La educación inclusiva no puede reducirse, por tanto, a una mera cuestión de plazas (presencia), aunque sea un requisito necesario. Se trata de un proceso complejo y dilemático que busca articular equitativamente las tres dimensiones para desarrollar políticas escolares, culturas y prácticas de aula que tengan en cuenta a todos los alumnos sin excepción, «creando comunidades en las escuelas y en las aulas donde todos los alumnos pertenecen y son valorados positivamente» (Olsson y Nilholm, 2022, p. 2).

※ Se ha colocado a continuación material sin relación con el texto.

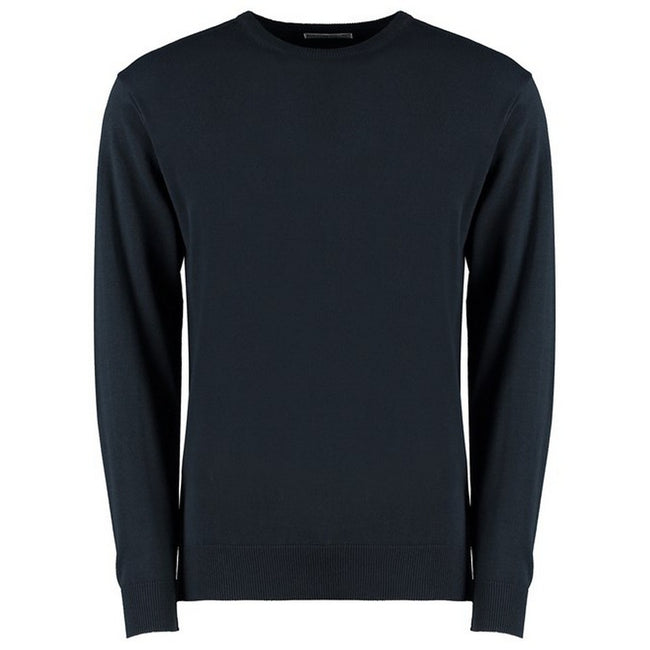 Navy - Front - Kustom Kit Mens Arundel Sweatshirt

Estas tres dimensiones también nos ayudan a comprender mejor el concepto de exclusión educativa. Desde esta perspectiva, los procesos implicados en la exclusión educativa se refieren a las situaciones y condiciones que mantienen o generan la segregación en espacios separados, supuestamente para satisfacer las necesidades individuales y específicas de los alumnos. Esto conduce a la marginación, el maltrato o el desprecio (y otras emociones) opuestos al reconocimiento, la participación y el bienestar personal y social, y tiene como resultado el fracaso escolar o el abandono de los alumnos (en contraposición al aprendizaje y el rendimiento de todos los alumnos), lo que constituye una gran preocupación en muchos países (Lyche, 2010). Por todo ello, el camino hacia la inclusión pasa por el reconocimiento de las barreras que limitan el ejercicio efectivo del derecho a una educación de calidad sin exclusiones, para tratar de eliminar o reducir esas barreras.

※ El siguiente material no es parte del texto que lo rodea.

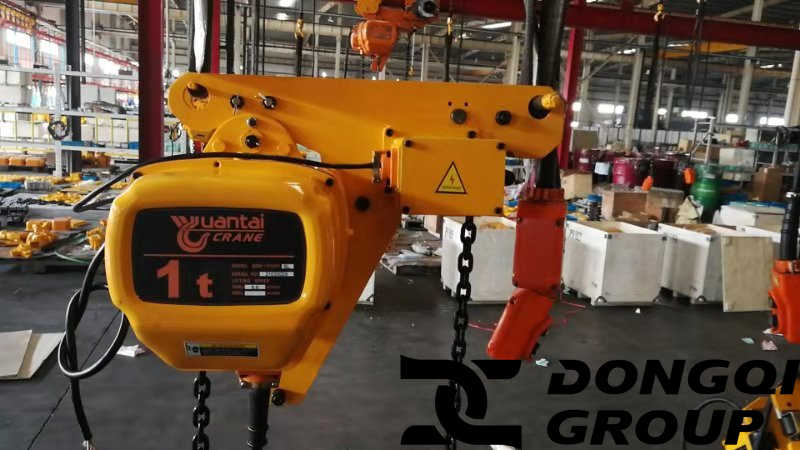 1 ton low headroom electric chain hoist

El concepto de barreras es clave en esta perspectiva porque se refiere al conjunto de factores (actitudes, creencias, políticas, prácticas de aula, etc.) que limitan o pueden limitar la presencia, el aprendizaje y la participación, así como el reconocimiento y la valoración de la diversidad del alumnado en cada centro. Se trata de dificultades, problemas o desventajas generadas por factores contextuales que, desde una perspectiva sistémica, se sitúan en las culturas escolares, las políticas y las prácticas de aula. Cuando estos factores interactúan con las características personales de los alumnos, ponen de manifiesto la desventaja que muchos estudiantes experimentan de forma habitual (Booth y Ainscow, 2011). Así como hay barreras, también hay recursos de apoyo tanto dentro como fuera de las escuelas (Puigdellivol et al., 2019) que operan como factores de protección. Se encuentran de nuevo en las culturas escolares, las políticas y las prácticas de aula y en el entorno cercano. Cuando estos apoyos interactúan con las características y necesidades de los estudiantes, pueden promover la articulación equitativa de la presencia, la participación y el aprendizaje que está en el centro de este esfuerzo inclusivo. Por lo tanto, cabe suponer que:

La educación inclusiva significa que todos los alumnos pueden beneficiarse de los mismos sistemas educativos y las mismas escuelas. Los métodos de aprendizaje y los materiales educativos que atienden a las necesidades de todos los alumnos se integran en el sistema, de modo que se eliminan las barreras que pueden limitar la participación. (UNESCO, 2019, p. 6)

Es importante hacer una última observación en este apartado: las barreras no son inamovibles y los recursos de apoyo se pueden construir y hacer sostenibles (Echeita, 2022). Esto desafía las visiones deterministas de algunas personas y grupos y ayuda a reconocer la educabilidad de todo ser humano y la naturaleza social y cultural de la educación, albergando así la esperanza de un mejor desarrollo que impulse el cambio. Esta esperanza no se limita a la espera, que es banal, sino que necesita ser llevada a la práctica para convertirse en historia concreta (Freire, 2021). Es una lucha por la transformación de las relaciones de poder que mantienen el orden actual en las escuelas, reconociendo que no son los otros (subalternos) (Spivak, 2006) los que deben adaptarse, sino que el cambio debe producirse tanto en nuestro interior como en las relaciones de opresión con los que han sido históricamente excluidos, marginados o segregados.